At $0.12 per GB x 20, that equals $2.40. That’s 12% gone already, on pure storage costs. This leaves $17.59. Next, we have transfer costs. Now if you transfer over 150TB, the price goes down to $0.10 per GB. A little elementary maths gives us this:
$17.59 / $0.10 = 175.9, or 175.9 GB.
This means that, if you filled up your drop, you’d have to transfer 175.9GB a month and then anything after that, actually costs drop.io money. (This does not include incidental transfers like logos, CSS, etc and computational costs of EC2). Now, this seems like a lot, but infact, it’s not. That’s only 8.795x the size of your drop. If you were perhaps, posting HD videos of say.. urban exploration, or performances, or DJ sessions or something similar, do you really think it would be hard to get say.. 20 people to view half of the videos in your drop? Or 40 people a quarter? Or even 100 people to view just one or two? Probably not.
So lets run some possible numbers. 30 minutes of 720p video of say.. parkour antics (I like Parkour). That would be 1.8GB. You film these videos once a week, on the weekend.
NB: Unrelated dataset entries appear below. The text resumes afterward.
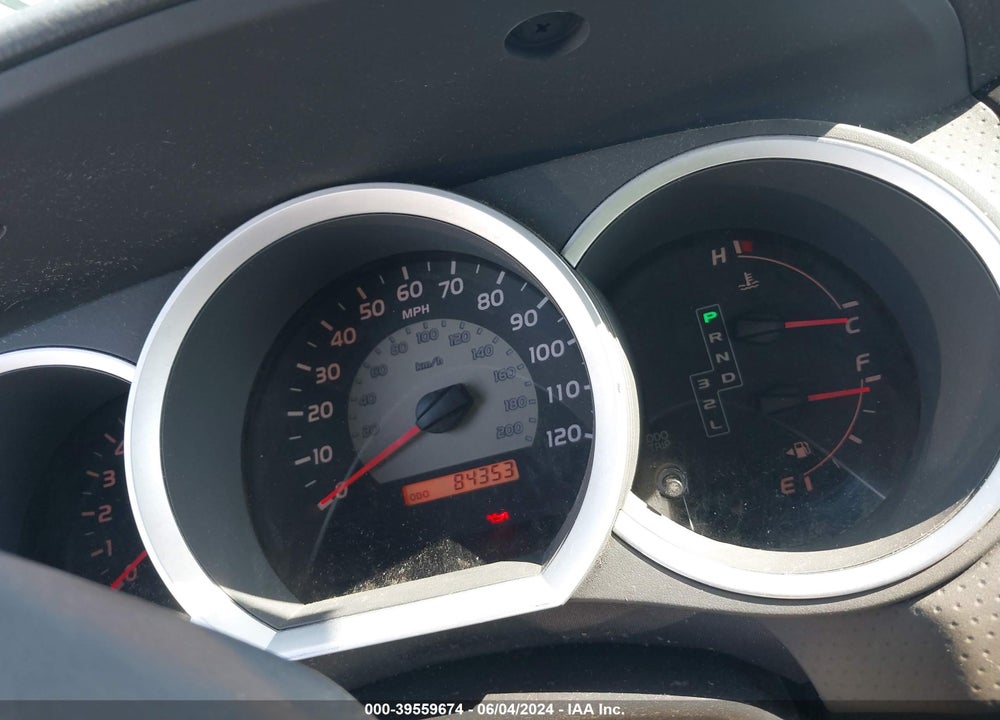 2009 TOYOTA TACOMA VIN: 5TENX22N99Z651176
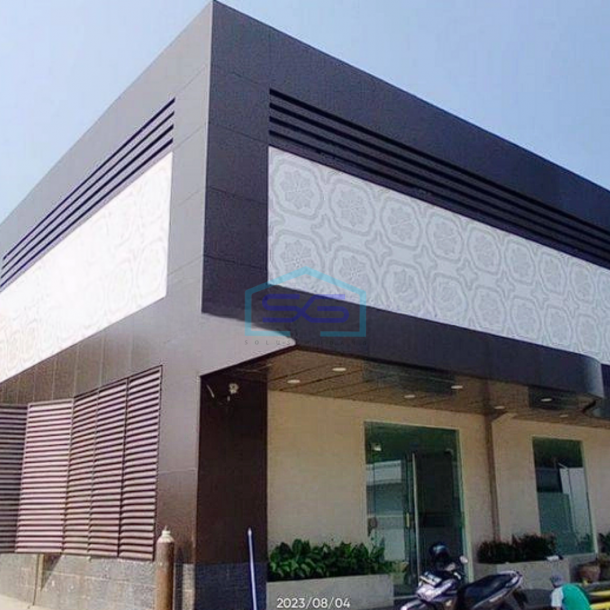 Dijual Gudang Warehouse Minimalis Rapih Terawat Dalam Kawasan di Cikarang LT 3000m2-1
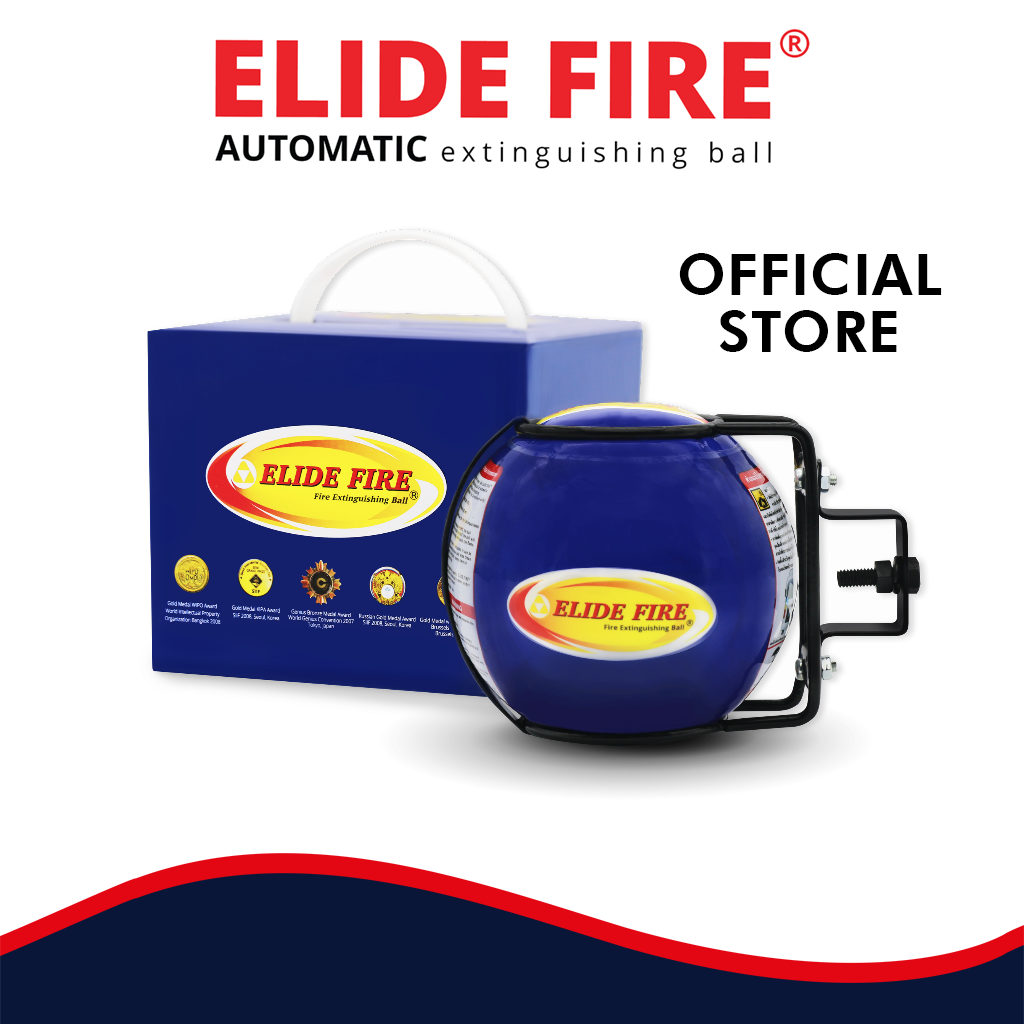 ELIDE FIRE  Fire Extinguishing Ball “Life Saver” 400 g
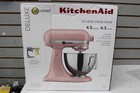 Kitchenaid Deluxe 4 5 Quart Tilt-head Stand Mixer -dried Rose  Ksm97dr Free Ship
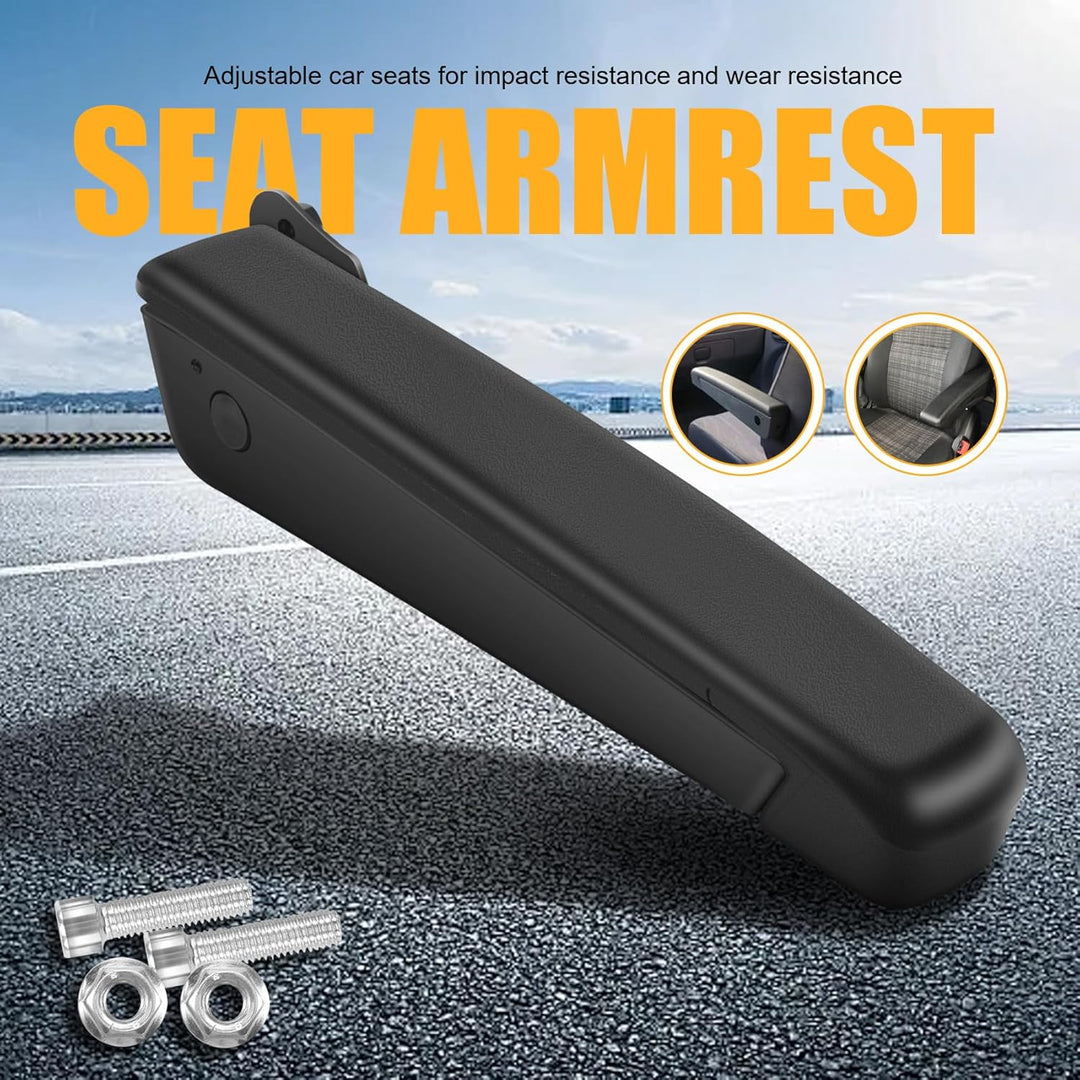 Bmocoen Universal Einstellbare Sitz Armlehne Für Rv Wohnmobil Teile Rechts, Recht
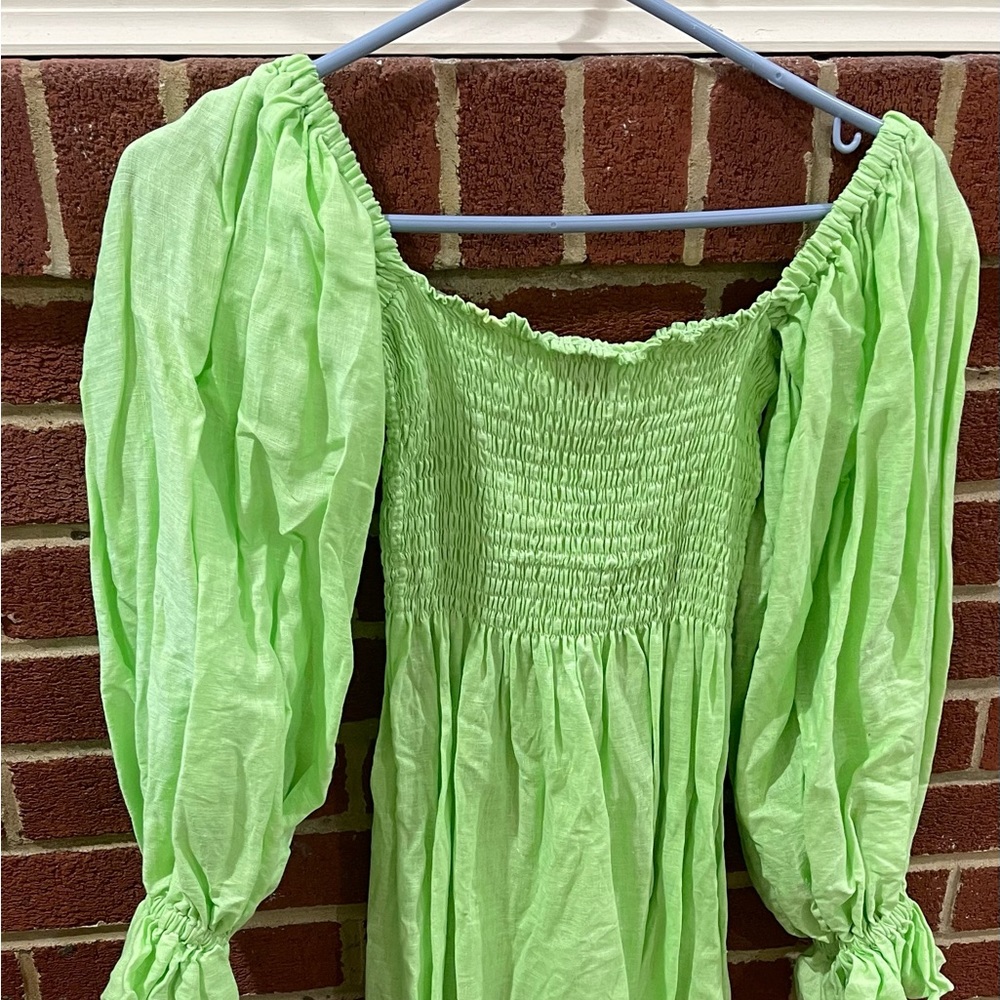 Sleeper Atlanta Linen Dress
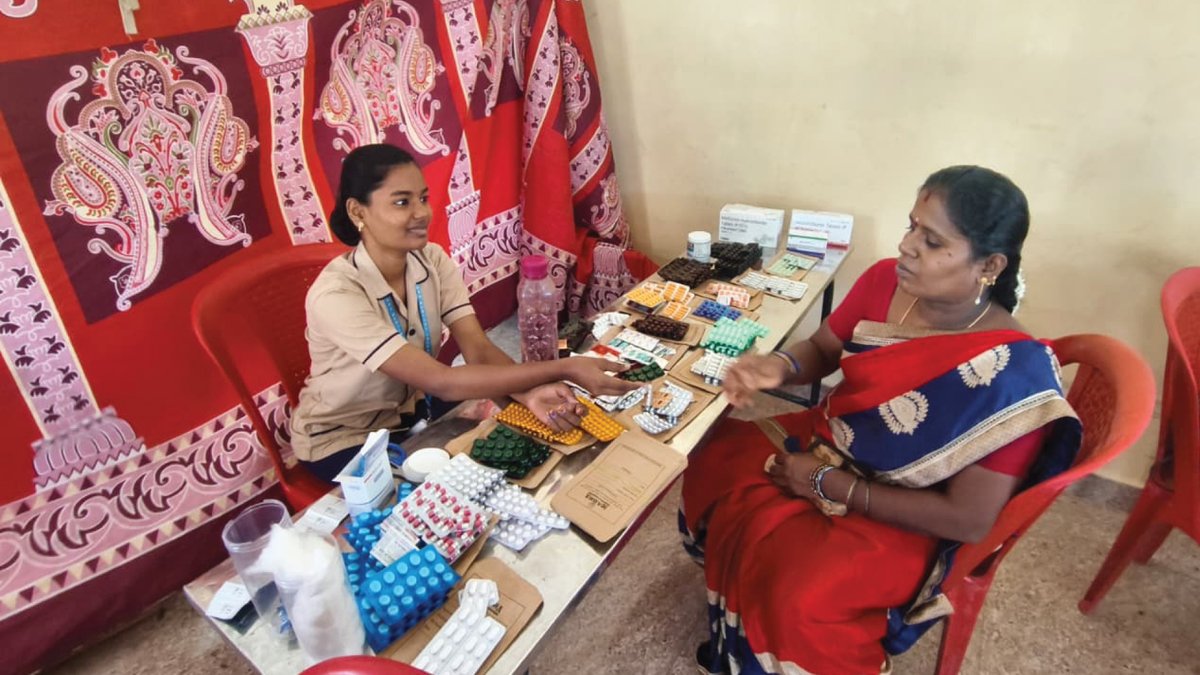 SMmcri's tweet photo. 02-10-2026 வெள்ளிக்கிழமை, காந்தி ஜெயந்தி முன்னிட்டு மாதா உயர் சிறப்பு மருத்துவமனை திருநின்றவூர் அருகே நடுக்குத்தகையில், நடத்திய இலவச கண் மற்றும் பொது மருத்துவ முகாம்! இம்முகாமில் பங்கு பெற்ற அனைவருக்கும் நன்றியையும் வாழ்த்துக்களையும் தெரிவித்துக்கொள்கிறோம்.
#EyeCheckup https://t.co/AMjqFLPiuO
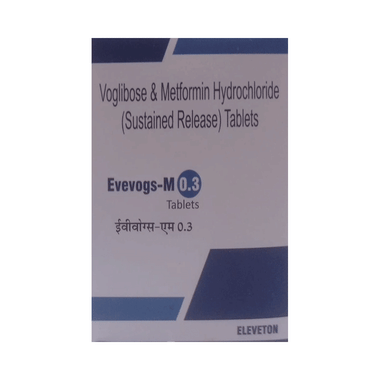 <span style='color:#626A7A'>Evevogs-M 0.3 Tablet SR</span>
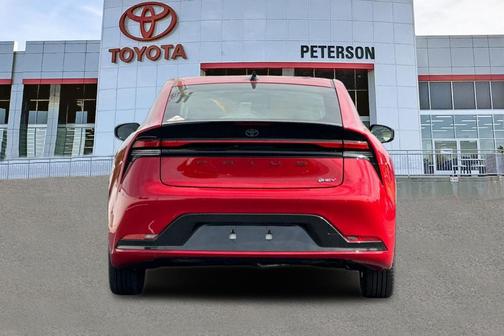 Supersonic Red 2026 Toyota Prius XLE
Each week, you get 2,000 video views of new and old content. Parkour is popular! That’s 2000 x 1.8GB, or 3600GB.
So 3600GB x $0.10 =$360. Per Week. Or $1440 a month. Now, as we calculated before, there is $17.59 left over for bandwidth. So you subtract that, $1440 – $17.59 and that leaves $1422.41. That’s a lot!
Every month, you end up costing drop.io over $1400 dollars. That’s around $18k a year. (($360 x 52) – Even if you assumed only 2,000 view a month, instead of a week, that’s still nearly $4500 a year.
Now, how many of these would you need before it eats up all the profit you make from people who pay for drops they hardly use, and then starts eating into the money you’re using for payroll?
To date, drop.io has raised $3.9 million dollars. By my reckoning, it’d only take about 250 of what I deem High Use (2000 HDvideo views a week) drops, or around 900 Medium Use (2000 HDvideo views a month) to deplete that capital in a single year.
And that’s just to pay Amazon.
In closing, this is why I feel that drop.io is something of a white elephant and that the companies risks being unprofitable. Perhaps some bandwidth limits are in order, guys. (And please, no, none of that “fair use” crap. Define Your Limits.)